Some miscellaneous impressions from last Sunday’s discussion at Steppenwolf between Grant Achatz and Michael Ruhlman:
The audience was a who’s who of foodigentsia that by all appearances left the kitchens of Chicago empty (Look, there’s Michael Carlson! Wait, isn’t that Elaine Sikorski?) — or at the very least left the Internet unmanned.
Much of the discussion tromped over ground familiar to anyone with more than a passing acquaintance with the Alinea Story: Achatz’s childhood washing dishes in his folks’ Michigan restaurant; his formative years at the French Laundry, which taught him everything there was to know and then some about classical technique; the epiphany sparked by a five-day stage at Ferran Adria’s El Bulli — and the apparently amiable, but painful, rift it caused between him and French Laundry chef Thomas Keller. Eating at El Bulli, he explained, provoked an emotional reaction stronger than anything he’d ever experienced. Sitting with Keller through a 37-course meal (“Thirty-seven courses! You guys think I’m bad.”) he struggled to control his excitement, not wanting to disrespect his mentor.

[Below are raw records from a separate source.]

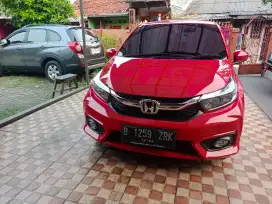 BRIO E AT KM34RB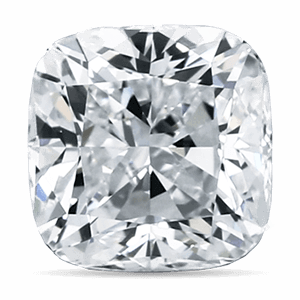 Cushion Diamonds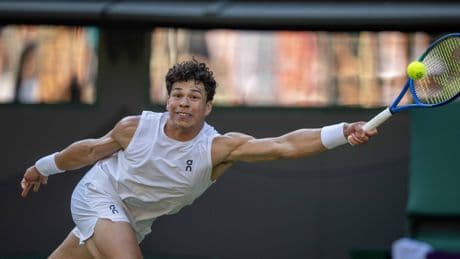 Bet365 bonus code NYPBET: Claim $150 bonus or $1K first bet safety net for Wimbledon on Wednesday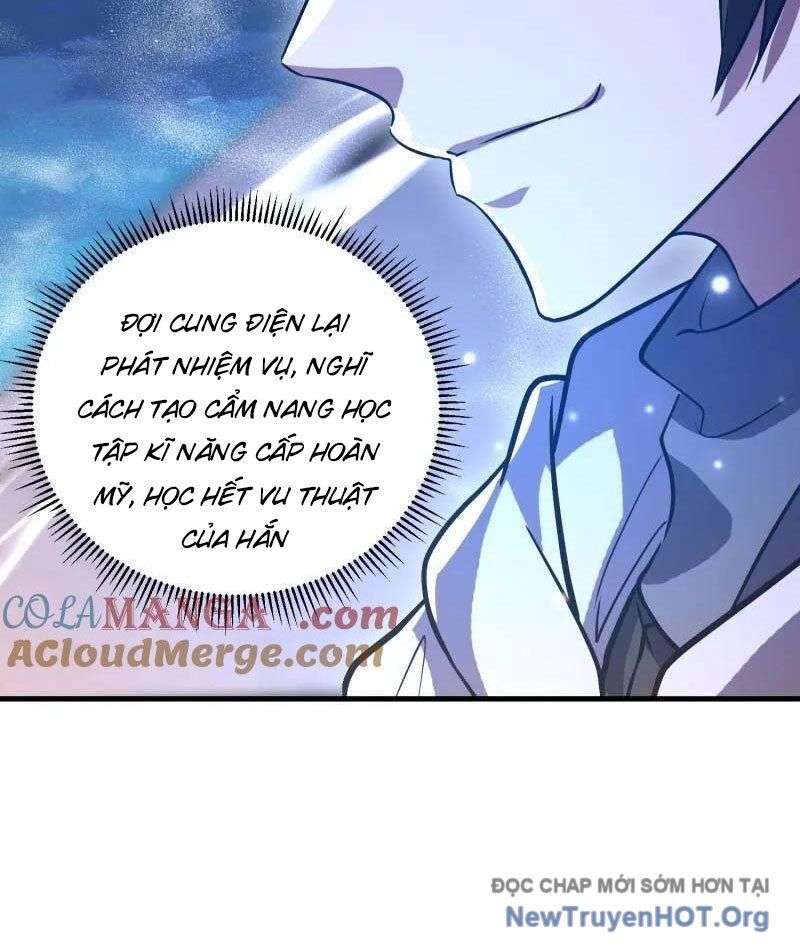 Đệ Nhất Danh Sách Chap 583 - Next Chap 584
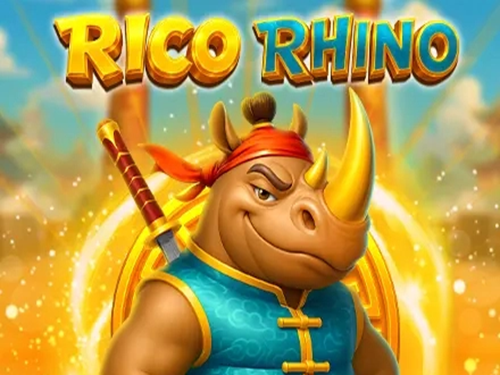 리코 라이노 Rico Rhino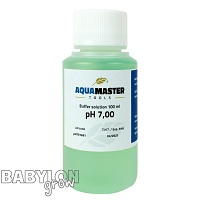 Aqua Master pH kalibráló folyadék 7.00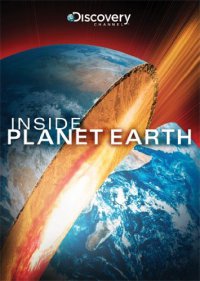 Cover image for Inside planet Earth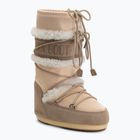 Dámské sněhule Moon Boot Icon Pearly Plus pale peach/sand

When he got back to Yountville, he said, “I was running around making hot gelatin and trying to melt sugar all over everything, and Thomas was like, ‘Whoa — this is the French Laundry,’ and I realized I couldn’t cook there anymore.”
If there was a theme to the conversation, it was this idea of structuring a meal to generate a particular reaction. Achatz sees himself as a conductor, leading diners up and down an emotional scale from anticipation to excitement to bafflement, accomplishment, and pleasure. He, like many of his peers, hates the term “molecular gastronomy.” “It’s not about science,” he said of his cooking, “it’s about emotion.”
There were a few surprises. Achatz’s disavowal of “molecular gastronomy” may have grabbed headlines (and for a thorough dissection of what exactly he meant by that, see Ruhlman’s own postgame analysis). But Achatz — who turned down Iron Chef America and has so far steered clear of celebrity cheffitude (though he is working on a book) — shocked everyone, including his interlocutor, when he admitted he’d still kinda like to do TV. “If we decided to do a TV show,” he argued, “I think we’d do a pretty darn good TV show.”
When asked if he’d like to go the Robuchon route and open another Alinea in New York — or LA, or Tokyo — Achatz, who admits that he only recently realized he didn’t have to be in the kitchen all the time, was less than enthusiastic. While he didn’t dismiss the idea out of hand, he seemed adamant that, if he were to branch out, he’d like his next project to be something very different.
Still, he didn’t seem to be in too much of a hurry to go anywhere else. He’s working in a city of innovators, he said, and “the next five years are going to be superinteresting in Chicago.”